[DIRECTIONS FOR THIS TASK]: Of the records that follow, copy only the lines from the line containing "Immagine 18 di" to the line containing "Câmara Municipal de", both included, exactly as written.

(Source records)

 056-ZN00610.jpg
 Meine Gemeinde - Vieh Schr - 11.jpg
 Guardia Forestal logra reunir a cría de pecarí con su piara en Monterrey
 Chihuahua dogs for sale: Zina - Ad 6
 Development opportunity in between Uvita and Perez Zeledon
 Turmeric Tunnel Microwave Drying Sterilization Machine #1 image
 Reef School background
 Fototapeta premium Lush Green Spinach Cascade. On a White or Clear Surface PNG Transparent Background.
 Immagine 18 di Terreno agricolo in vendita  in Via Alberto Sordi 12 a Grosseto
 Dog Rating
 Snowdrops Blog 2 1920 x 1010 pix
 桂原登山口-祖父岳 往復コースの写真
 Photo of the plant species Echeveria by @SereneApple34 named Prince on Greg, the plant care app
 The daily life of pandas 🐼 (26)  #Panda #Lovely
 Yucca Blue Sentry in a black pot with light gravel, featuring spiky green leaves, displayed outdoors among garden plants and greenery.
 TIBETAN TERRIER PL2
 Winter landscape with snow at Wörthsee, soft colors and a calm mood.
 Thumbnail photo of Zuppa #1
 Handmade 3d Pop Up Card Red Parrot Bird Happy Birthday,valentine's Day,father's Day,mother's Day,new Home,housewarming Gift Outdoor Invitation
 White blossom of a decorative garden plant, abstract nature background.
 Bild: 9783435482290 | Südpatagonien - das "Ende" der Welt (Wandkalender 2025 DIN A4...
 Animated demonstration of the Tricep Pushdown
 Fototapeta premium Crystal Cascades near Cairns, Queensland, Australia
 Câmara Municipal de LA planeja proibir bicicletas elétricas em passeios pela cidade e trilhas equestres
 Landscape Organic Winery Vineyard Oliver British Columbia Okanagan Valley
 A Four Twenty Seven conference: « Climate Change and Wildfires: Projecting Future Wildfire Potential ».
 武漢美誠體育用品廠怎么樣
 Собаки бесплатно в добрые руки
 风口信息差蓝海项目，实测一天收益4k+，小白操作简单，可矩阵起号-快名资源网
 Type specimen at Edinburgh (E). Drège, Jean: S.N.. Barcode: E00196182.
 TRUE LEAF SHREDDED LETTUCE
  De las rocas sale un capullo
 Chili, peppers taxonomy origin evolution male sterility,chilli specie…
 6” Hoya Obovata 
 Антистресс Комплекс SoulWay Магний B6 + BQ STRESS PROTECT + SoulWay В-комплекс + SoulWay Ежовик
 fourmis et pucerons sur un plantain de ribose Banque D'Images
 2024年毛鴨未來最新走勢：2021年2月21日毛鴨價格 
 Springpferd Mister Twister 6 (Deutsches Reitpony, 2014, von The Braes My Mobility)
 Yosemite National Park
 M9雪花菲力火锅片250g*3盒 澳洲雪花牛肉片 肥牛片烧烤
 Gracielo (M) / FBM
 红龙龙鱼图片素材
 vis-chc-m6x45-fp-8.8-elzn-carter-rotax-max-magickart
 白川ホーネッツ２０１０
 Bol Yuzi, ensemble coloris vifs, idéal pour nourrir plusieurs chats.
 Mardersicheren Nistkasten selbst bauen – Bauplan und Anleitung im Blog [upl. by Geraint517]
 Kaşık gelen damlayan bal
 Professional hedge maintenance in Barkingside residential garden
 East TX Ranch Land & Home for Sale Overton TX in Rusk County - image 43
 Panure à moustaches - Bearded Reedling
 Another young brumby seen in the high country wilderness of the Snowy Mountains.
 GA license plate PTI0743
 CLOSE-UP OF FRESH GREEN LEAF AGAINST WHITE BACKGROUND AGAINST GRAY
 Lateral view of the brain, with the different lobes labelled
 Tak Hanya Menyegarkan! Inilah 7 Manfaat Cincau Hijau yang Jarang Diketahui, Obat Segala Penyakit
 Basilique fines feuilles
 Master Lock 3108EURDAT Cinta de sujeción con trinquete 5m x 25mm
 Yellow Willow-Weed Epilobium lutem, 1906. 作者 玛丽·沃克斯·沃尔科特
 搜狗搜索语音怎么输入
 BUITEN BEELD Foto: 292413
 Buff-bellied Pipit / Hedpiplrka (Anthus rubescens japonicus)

[RESULT]:
 Immagine 18 di Terreno agricolo in vendita  in Via Alberto Sordi 12 a Grosseto
 Dog Rating
 Snowdrops Blog 2 1920 x 1010 pix
 桂原登山口-祖父岳 往復コースの写真
 Photo of the plant species Echeveria by @SereneApple34 named Prince on Greg, the plant care app
 The daily life of pandas 🐼 (26)  #Panda #Lovely
 Yucca Blue Sentry in a black pot with light gravel, featuring spiky green leaves, displayed outdoors among garden plants and greenery.
 TIBETAN TERRIER PL2
 Winter landscape with snow at Wörthsee, soft colors and a calm mood.
 Thumbnail photo of Zuppa #1
 Handmade 3d Pop Up Card Red Parrot Bird Happy Birthday,valentine's Day,father's Day,mother's Day,new Home,housewarming Gift Outdoor Invitation
 White blossom of a decorative garden plant, abstract nature background.
 Bild: 9783435482290 | Südpatagonien - das "Ende" der Welt (Wandkalender 2025 DIN A4...
 Animated demonstration of the Tricep Pushdown
 Fototapeta premium Crystal Cascades near Cairns, Queensland, Australia
 Câmara Municipal de LA planeja proibir bicicletas elétricas em passeios pela cidade e trilhas equestres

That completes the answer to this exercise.